Almost every priority identified through last year’s workshop was addressed, said Assistant Superintendent Becky Ford. Salaries were the top priority last year, and the district paid for a 2 percent increase.

“There was not one of these high priorities that was not addressed in a significant manner despite lean revenue from the state,” Ford said as she reviewed the list.

This year, adding alternative programs at the middle schools was listed as the top priority, receiving 30 votes.

Post Falls Middle School Principal Don Boyk said all of the district’s secondary principals agreed there was a need for an alternative program for sixth-, seventh- and eighth-graders. The district’s alternative high school, New Vision, has a waiting list, he said.

He hopes a middle school program will help students before they get to high school, alleviating some of the burden on New Vision.

Salary and benefits were also a top priority, along with equipment for the maintenance crews, adding staff to help non-English speaking students and a counselor at the high school.

Mike Gibson, president of the Idaho Association of School Business Officials, said Post Falls’ method of allocating discretionary money is unusual.

“It certainly seems to work well for Post Falls,” Gibson said. He said it might not work as well in other districts, especially larger districts.

Putting together school district budgets is “a very complex process,” Gibson said. Often, he said, people become involved in the process only to lobby for their own interest.

“When you have areas of interest, then you have competition,” Gibson said. “When you have competition, sometimes it becomes contentious.”
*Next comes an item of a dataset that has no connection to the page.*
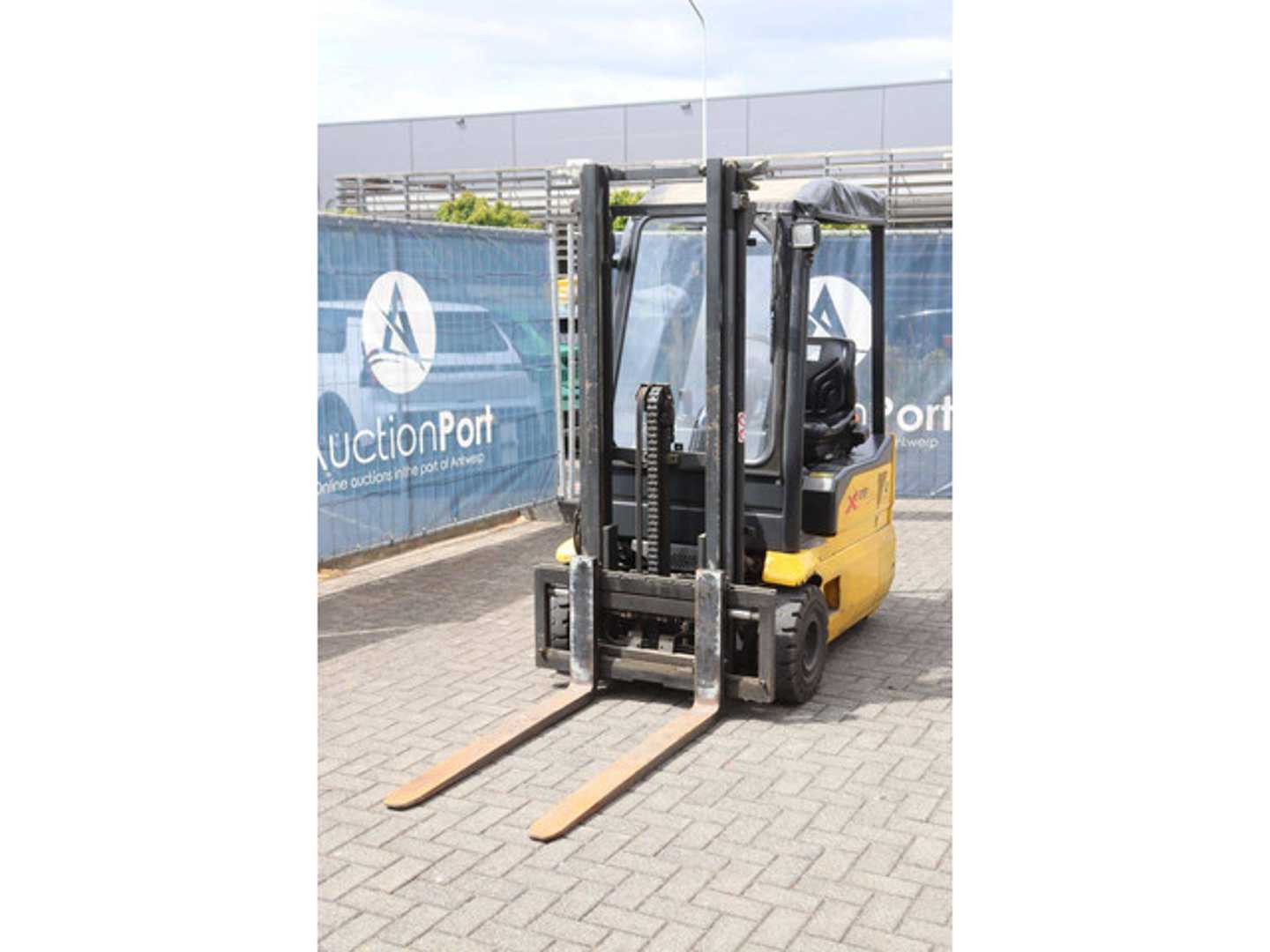 Used Forklift OM Carrelli XE 15-3 4 ratų šakinis krautuvas (Image 9) Used Forklift OM Carrelli XE 15-3 4 ratų šakinis krautuvas (Image 9)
At Tuesday’s hearing, many came in lobbying hard for their own school or their own program. After hearing the pleas for funding, some realized there were bigger needs than their own.

Paula Bechler, a parent representing Prairie View Elementary, said she was surprised to hear from more than one speaker that the district didn’t have a school nurse at each of its buildings. Three nurses now divide their time among the district’s eight buildings.

“I had no idea,” Bechler said. “When I was a kid we had a nurse full-time, all the time. And I’m surprised about Ponderosa’s carpet.”